September/October 2016
Volume 22, Number 9/10
Guest Editorial

Current Research on Mining Scientific Publications

Drahomira Herrmannova and Petr Knoth
Knowledge Media Institute, The Open University, Milton Keynes, UK
{drahomira.herrmannova, petr.knoth}@open.ac.uk

DOI: 10.1045/september2016-guest-editorial


The articles in this issue of D-Lib Magazine were selected from papers presented at the 5th International Workshop on Mining Scientific Publications (WOSP 2016) organised by the Open University and OpenMinTed. The workshop was held in conjunction with the Joint Conference on Digital Libraries (JCDL 2016) in Newark, just outside of New York city. The workshop was organised by the Open University for the fifth time and featured a variety of speakers from academia and industry who presented their text and data mining research and results.

In a peer-review process the programme committee selected five long papers and four short papers to be part of this D-Lib issue. The papers can be divided into three general topics: semantic enrichment (two papers), tools and datasets (two papers) and citation analysis and research impact (five papers).

A significant proportion of papers presented at the workshop this year was concerned with citation analysis and research evaluation topics. The first two papers focus on analysing citations found in academic papers. While the paper Rhetorical Classification of Anchor Text for Citation Recommendation examines how to use citation context in order to increase relevance in citation recommendation, paper Temporal Properties of Recurring In-text References provides an analysis of in-text citations, particularly those appearing repeatedly. This session also included articles which look at how international mobility of researchers influences quality of university graduate programs (The Impact of Academic Mobility on the Quality of Graduate Programs), at whether curating papers stored in scholarly databases influences their citation rates (Preliminary Studies on the Impact of Literature Curation by Model Organism Databases on Article Citation Rates) and at the question of how to measure academic impact (Measuring Scientific Impact Beyond Citation Counts).
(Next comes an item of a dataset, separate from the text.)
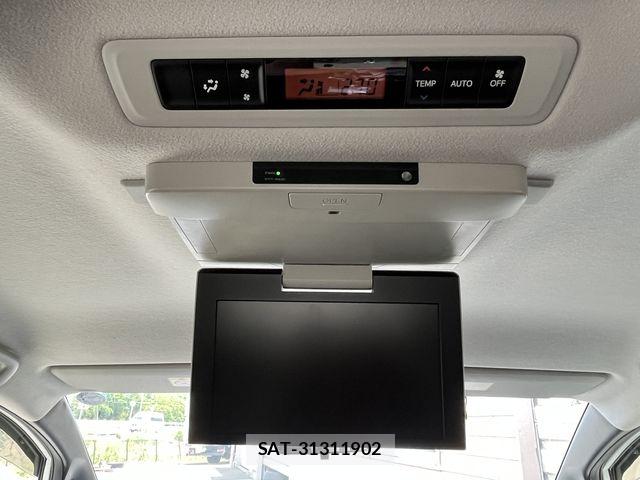 Toyota VOXY HYBRID 2016-02 7273257-5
In the past, similar studies were limited by the ability of researchers to access and mine metadata and citation information of related to academic papers. Significant progress has been made in this area in recent years with both new datasets and new tools being released. The article An Analysis of the Microsoft Academic Graph demonstrated the strengths and limitations of the Microsoft Academic Graph dataset, which contains over 120 million metadata records of academic papers, and compared it to other available sources. A tool for crawling scientific repositories (Scraping Scientific Web Repositories: Challenges and Solutions for Automated Content Extraction) was also presented at the workshop.

The third workshop session featured approaches which address different problems in classifying and categorising the content of research publications. The work presented at the workshop focused on capturing novelty (Quantifying Conceptual Novelty in the Biomedical Literature) and interdisciplinarity (Capturing Interdisciplinarity from Academic Abstracts) from research publications.

We believe that the articles included in this special issue of D-Lib Magazine will help to motivate further research in this important domain. We hope readers will enjoy reading them and will find them useful.


About the Guest Editors

Drahomira Herrmannova is a Research Student at the Knowledge Media Institute, Open University, working under the supervision of Professor Zdenek Zdrahal and Dr Petr Knoth. Her research interests include bibliometrics, citation analysis, research evaluation and natural language processing. She completed her BS and MS degrees in Computer Science at Brno University of Technology, Czech Republic. Aside of her PhD she participated in research projects at the Knowledge Media Institute (CORE, OU Analyse).


Petr Knoth is a Senior Data Scientist at Mendeley, where he develops text-mining tools to help researchers' workflows. Dr Knoth is also the founder of the CORE system, which aggregates millions of open access publications from repositories and journals and makes them freely available for text-mining. Previously, as a researcher at the Open University, he acted as the principle investigator on a number of national and international research projects in the areas of Text Mining and Open Science.